Sometimes when we feel most alone, we don't realize that there are others who feel the same exact way, perhaps for different reasons or manifested differently.
It has been three years since Thomas Tessler has truly faced the world. Wracked with grief and immense guilt following the tragic death of his young son, Thomas has locked himself in his bedroom, only leaving to shop for groceries at a convenience store in the middle of the night. While he lives in the same apartment as his wife, Silke, he never speaks to her, never acknowledges her many efforts to cook him meals, bring him things, or simply let her know how he is feeling. He is hikikomori, the Japanese word for a person who withdraws, a total social recluse.

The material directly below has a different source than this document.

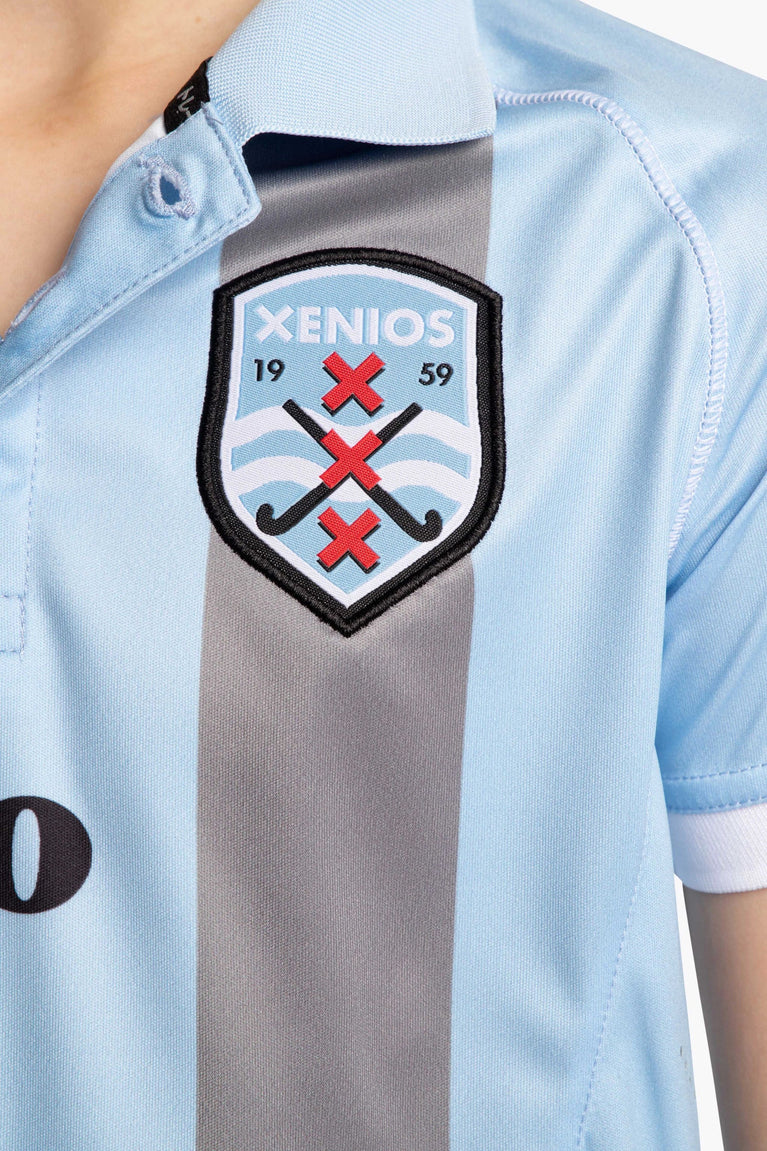 Xenios Xenios Deshi Polo Jersey - Light Blue / Grey - Sports Uniforms Training Range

Desperate to get her husband back, Silke hires Megumi, a young Japanese woman who knows the hikikomori phenomenon all too well, as it consumed her brother's life back in Japan. Reluctantly, Megumi agrees to work as a "rental sister" for Thomas and Silke, to try and encourage Thomas to come back into the real world again. Megumi's life is fairly unsatisfying, filled with nights spent drinking in bars with her friends, sleeping with random men to try and help her feel something. As she tries to get Thomas to acknowledge her, to speak to her, she finds herself drawn to him in inexplicable ways as he helps fill the emotional void her brother left behind.
Megumi and Thomas' relationship progresses, and threatens to shut Silke out entirely. But Thomas doesn't know exactly what he wants. Can a person who has allowed himself to be so isolated from people, from feelings for so long actually be equipped to feel again, to communicate? This is a fascinating book about how immobilizing grief and loneliness are, yet how comforting isolation can be. It's a story about trying to move on when you don't want to let go of your hurt and guilt, and how sometimes it takes a person who knows completely how you feel to help you take tentative steps toward moving on.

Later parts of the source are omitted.